Staff Officer Training


PhilB
 Share

Recommended Posts

A member recently posted:- "It has been pointed out that men can be trained to a tolerable level in weeks and NCOs and junior officers in months but a staff officer needs years to learn his job." This gives the impression that staff duties are akin to rocket science. Bearing in mind that staff officers tended to operate in one staff speciality, is there evidence that their training was necessarily years long? What is it that requires so long to absorb?

Link to comment
Share on other sites

A staff officer ideally should pass through staff college, this alone implies that the army thinks they need specialised training. They are responsible for the administration which covers a myriad of duties. I suspect that some commanders shared your estimation of the value of good staff work and only realised their error when something like the reserves cock up at Loos came along or the problem with casualty evacuation at the Somme.

Link to comment
Share on other sites

Staff College turned a regimental officer - whatever arm - into one who was made fully aware of operating two ranks up - ie majors at staff college were being trained to be Brigade Commanders (at least). That required a lot of time and a lot of input as well as a fair amount of war gaming. Brian Bond's, 'The Victorian Army and the Staff College 1854 - 1914' (Methuen 1972) gives some important insights into this.

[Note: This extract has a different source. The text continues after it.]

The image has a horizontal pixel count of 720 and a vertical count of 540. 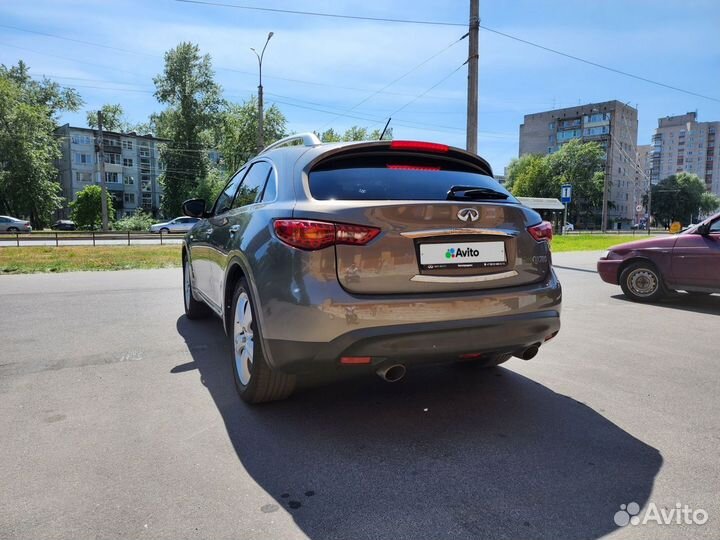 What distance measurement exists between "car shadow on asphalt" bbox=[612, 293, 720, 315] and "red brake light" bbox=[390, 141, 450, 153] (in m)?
5.65

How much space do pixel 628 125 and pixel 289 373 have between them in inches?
4501

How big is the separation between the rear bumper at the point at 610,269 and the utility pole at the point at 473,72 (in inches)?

As you might have noticed, there was a substantial increase in the number of officers in a battalion during the war and many of them rotated through staff type appointments within the battalion. Brigade HQ was also substantially increased from its puny pre war establishment (effectively a Brigade Major for Ops and a Staff Captain for admin etc). Staff courses were run during the war, but the staff college itself was closed. These were short staff courses, to deal with the exigencies and different pressures that war time brought. Good staff training made an enormous difference in ops planning and the writing of orders; the lack of staff officers suitably trained was particularly felt at the Somme in 1916. Essentially, staff training prepares a person to be controller of men engaged in multi-faceted tasks whereas previously they had to concentrate on being professionals within their chosen arm.

Link to comment
Share on other sites

The perils of having untrained, inexperienced staff officers are all too well known , as Sassoon puts it "now we're cursing his staff for incompetent swine". Contrary to popular belief staff officers weren't all 'Captain Darlings' swanning around in large chateaux well behind the line. There are reports of collapses from days and weeks without much sleep and mental breakdowns from stress. True the degree of physical danger was much less but some had their mental health wrecked.

Link to comment
Share on other sites

I didn't respond earlier because the U.S. Army I knew adopted the 1-2-3-4 method of staff organization we copied from the French in 1917. At battalion and brigade levels, the S1 is the adjutant, responsible for personnel administration; the S2 is the intelligence officer; S3 is plans, training and operations, the most important thing; and S4 is responsible for quartermaster type of things, supply and its endless paperwork. At division and higher levels the S prefix on the staff positions is replaced by a G, as in G1, G2, G3, G4. In joint-service commands it becomes a J.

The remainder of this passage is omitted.